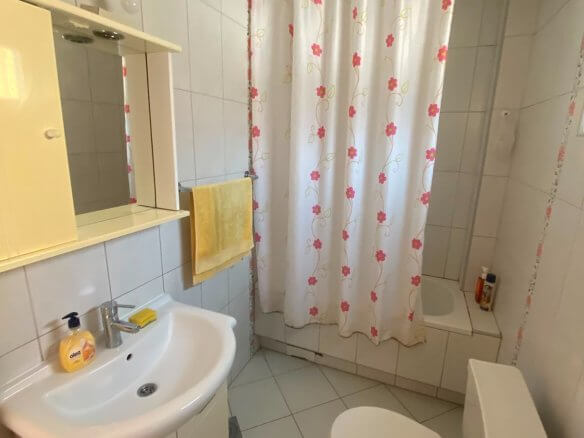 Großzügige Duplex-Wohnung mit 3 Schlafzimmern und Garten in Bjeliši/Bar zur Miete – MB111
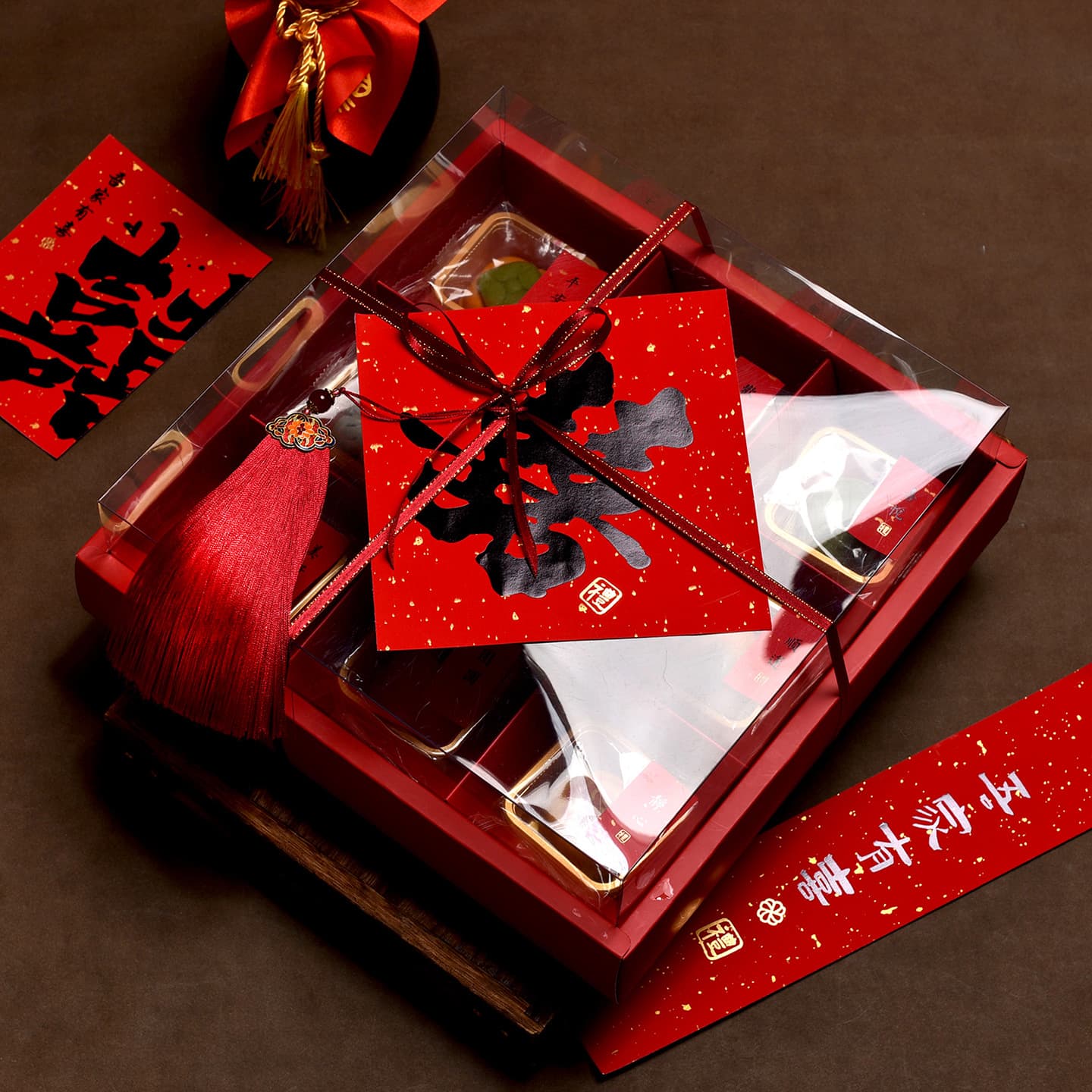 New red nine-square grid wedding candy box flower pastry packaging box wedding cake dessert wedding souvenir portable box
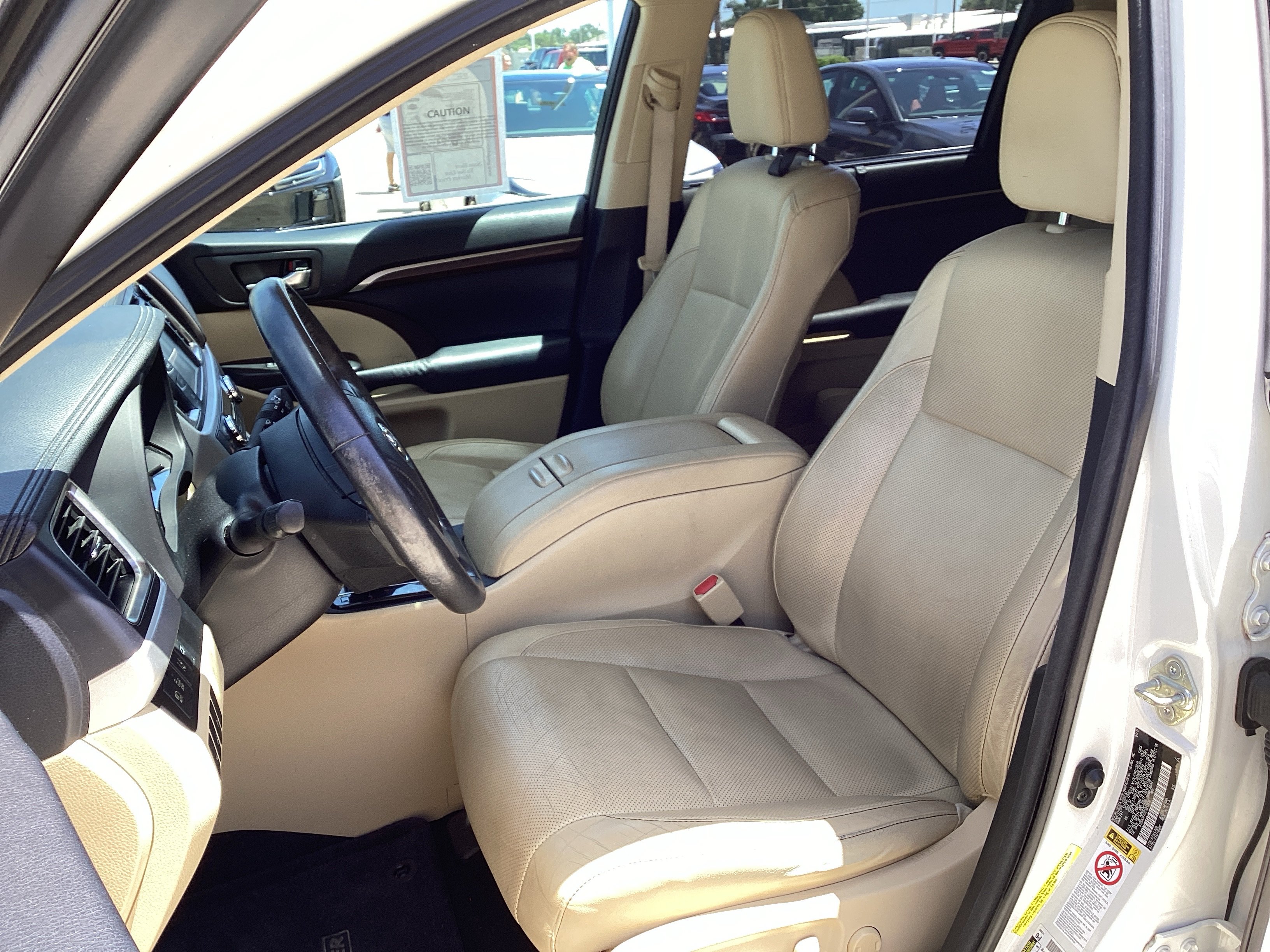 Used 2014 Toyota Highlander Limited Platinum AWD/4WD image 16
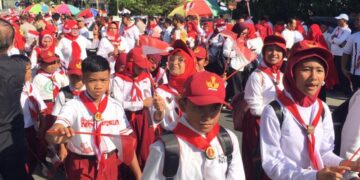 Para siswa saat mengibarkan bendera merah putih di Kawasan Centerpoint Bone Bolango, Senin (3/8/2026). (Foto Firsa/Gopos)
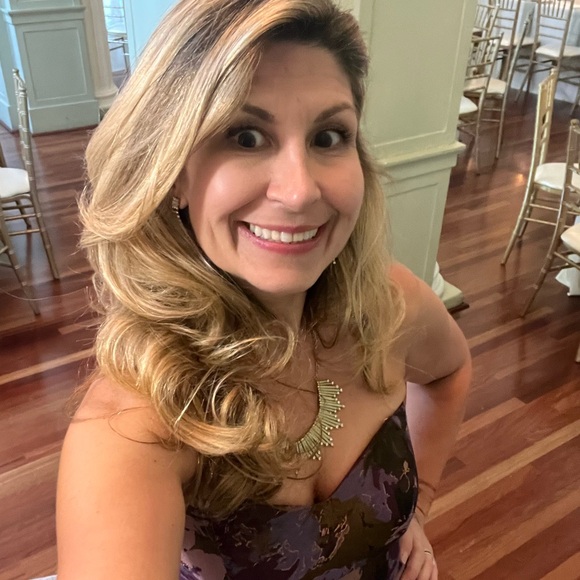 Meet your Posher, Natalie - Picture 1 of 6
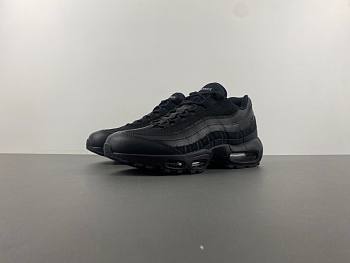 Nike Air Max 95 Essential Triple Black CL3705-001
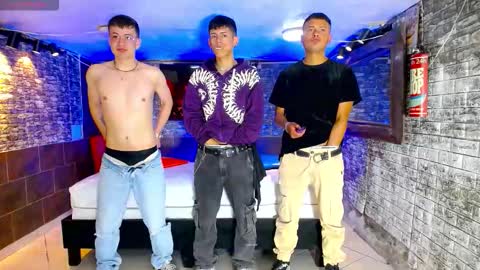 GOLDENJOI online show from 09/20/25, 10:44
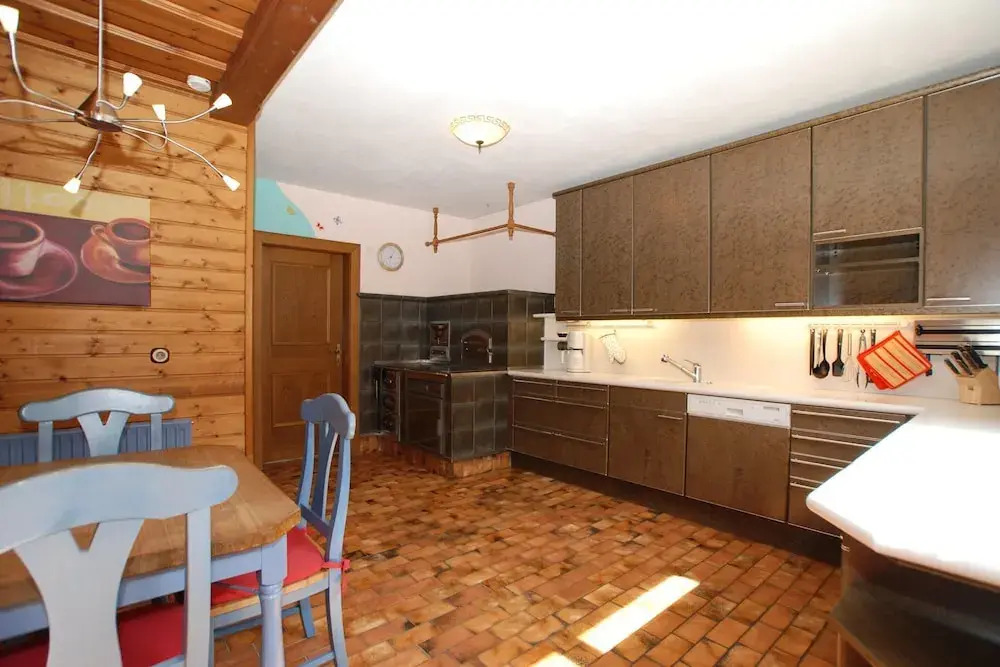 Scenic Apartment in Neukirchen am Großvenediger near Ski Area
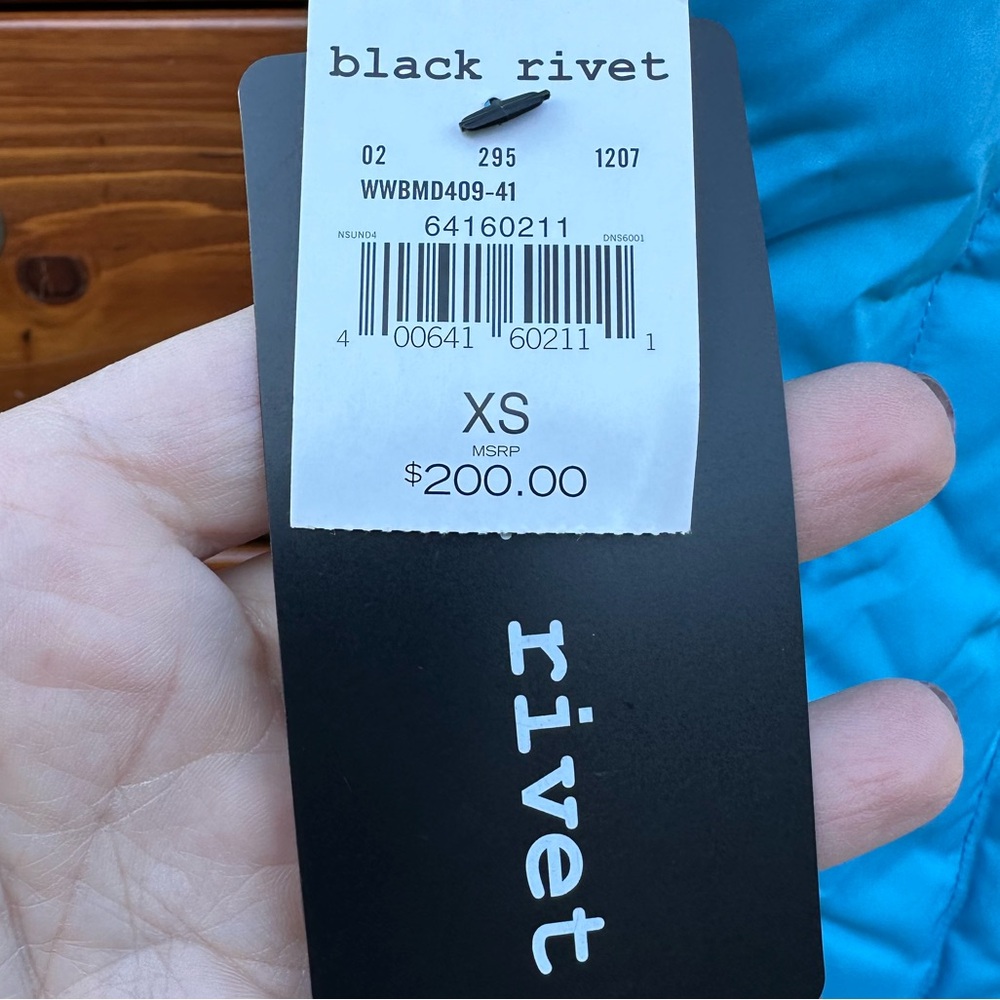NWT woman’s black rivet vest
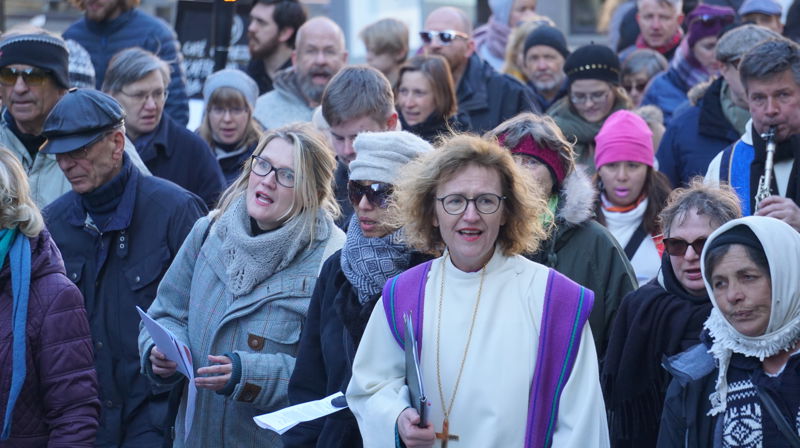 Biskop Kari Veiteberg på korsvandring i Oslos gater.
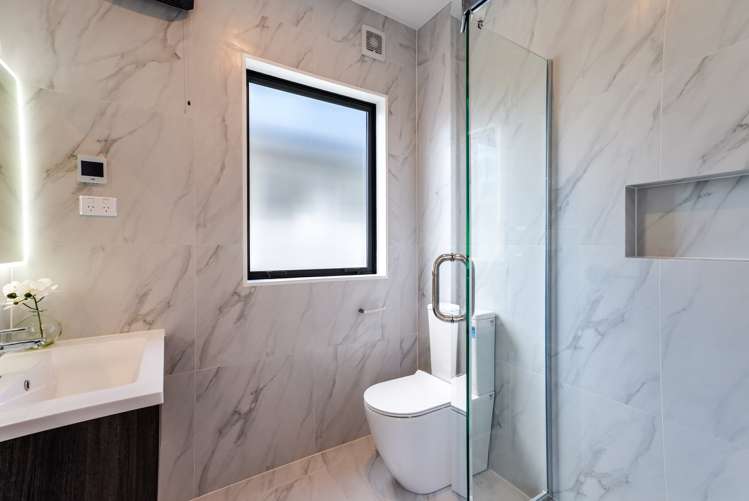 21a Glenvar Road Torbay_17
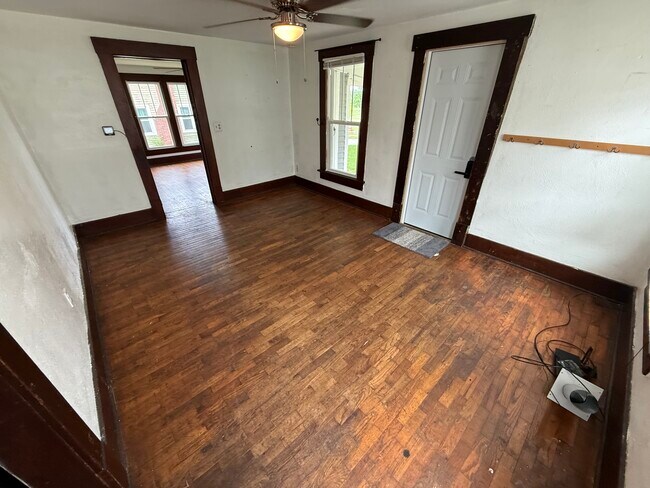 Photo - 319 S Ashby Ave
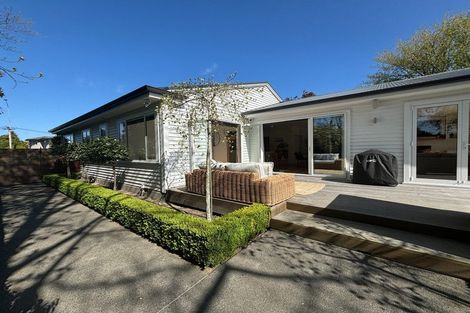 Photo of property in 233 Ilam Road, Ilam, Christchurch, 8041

☆ ☆ ☆ ☆

* EXERCISE DIRECTIONS: Output the full material above exactly, leaving every picture out.

* WRITTEN SOLUTION:
 Großzügige Duplex-Wohnung mit 3 Schlafzimmern und Garten in Bjeliši/Bar zur Miete – MB111
 New red nine-square grid wedding candy box flower pastry packaging box wedding cake dessert wedding souvenir portable box
 Used 2014 Toyota Highlander Limited Platinum AWD/4WD image 16
 Para siswa saat mengibarkan bendera merah putih di Kawasan Centerpoint Bone Bolango, Senin (3/8/2026). (Foto Firsa/Gopos)
 Meet your Posher, Natalie - Picture 1 of 6
 Nike Air Max 95 Essential Triple Black CL3705-001
 GOLDENJOI online show from 09/20/25, 10:44
 Scenic Apartment in Neukirchen am Großvenediger near Ski Area
NWT woman’s black rivet vest
 Biskop Kari Veiteberg på korsvandring i Oslos gater.
 21a Glenvar Road Torbay_17
 Photo - 319 S Ashby Ave
 Photo of property in 233 Ilam Road, Ilam, Christchurch, 8041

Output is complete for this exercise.